Practical Problem 3: The Schelling Model

In class we briefly discussed the Schelling Model and investigated the model with the explorable T. Schelling plays Go. Have a look at the explorable again and understand the concepts, before you start implementing it here.

In this excersize you will implement the Schelling Model for two types of species, let’s call them A and B.

This will be a patches only netlogo implementation. So each patch in the model can have three different states

1. “A”
2. “B”
3. “empty”

You can use the patches-own command to define a patch specific variable state like so:

patches-own [state]

The model has two parameters

• the initial density $C$ of non-empty patches which should be implemented as a slider with a range between 0 and 1.

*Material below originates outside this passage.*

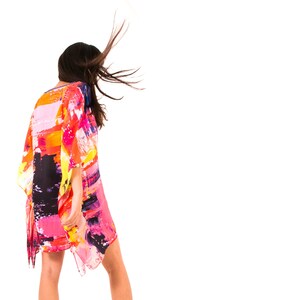 May include: A woman wearing a colorful, abstract print kaftan with long sleeves. The kaftan is flowing in the wind, and the woman's hair is blowing in the wind.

• the tolerance parameter $T$ which should be implemented as a slider with a range between 0 and 1.

setup

Write a setup function that initialized the patches such that the a fraction $C$ of patches are nonempty. Of those non-empty site 50% should be of type A and 50% should be of type B.

simulation

At every simulation tick iterated over all patches (ask all patches [...]) and implement the rule that defines the Schelling Model.

• count how many neighbors of the calling patch have a type different from the calling type.

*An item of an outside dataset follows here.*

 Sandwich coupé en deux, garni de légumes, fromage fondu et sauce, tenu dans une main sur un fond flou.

• divide that number by 8, so you have the fraction of different types in the neighborhood

• if that fraction is larger than the tolerance parameter do the following

  1. turn a randomly chosen empty site into a type identical to the type of the calling patch

  2. set the type of the calling patch to “empty”

This last step simulates a “move” of the calling patch to another, randomly chosen empty site.

intolerably lonely

Write a new version of the Schelling model in which patches “move” also if the neighboring sites are either of a different type or empty.